𝓗ΓSL(2, ℂ) = L2[SL(2, ℂ) L / SL(2, ℂ) N]

(there is something else called the "simplicity constraint" which comes into the definition of this Hilbert space, which I haven't really understood). The simplicity constraints mean that the classical theory corresponds to GR, not just any old url=http://en.wikipedia.org/wiki/BF_model]BF[/url] theory.

Now, there is a map from the old canonical LQG-style Hilbert space 𝓗Γ into 𝓗ΓSL(2, ℂ). To define it, use the Peter-Weyl decomposition (like we did a few posts back)

L2[SL(2, ℂ) L ] = sum over (pl, kl) of tensor product over links l of (𝓗*(pl,kl) tensor 𝓗(pl,kl) )

where SL(2, ℂ) unitary irreps are labelled by (p in ℝ, k in ℤ+).

Now if we pick an SU2 subgroup of SL(2, ℂ), then each SL(2, ℂ) irrep (p, k) decomposes as a sum of SU2 irreps.
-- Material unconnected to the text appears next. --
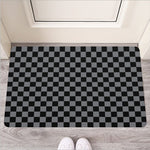 Grey And Black Checkered Pattern Print Rubber Doormat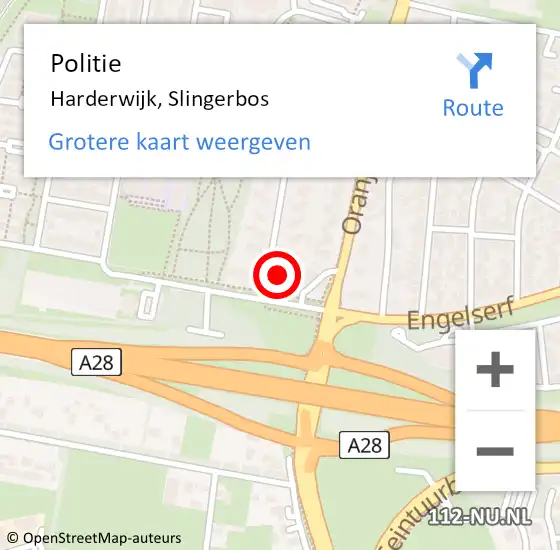 Locatie op kaart van de 112 melding: Politie Harderwijk, Slingerbos op 18 november 2023 14:36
The sum is over the spins from k up to infinity. Neglecting everything except the lowest (k) spin rep in the sum allows us to define a map

Yγ : 𝓗Γ -> 𝓗ΓSL(2, ℂ)

SU2 spin-j things get mapped to (p=γj, k=k) SL(2, ℂ) things.

Apparently (!) this map respects the simplicity constraints, which means that the quantum theory is still GR.

If we compose this map Yγ with a projection onto the SL(2, ℂ) invariant states (i.e. we do the Gauss constraint for SL(2, ℂ) ), we get a very important map

fγ : 𝓗Γ -> 𝓗ΓSL(2, ℂ)

from SU(2) spin networks to SL(2, ℂ) spin networks.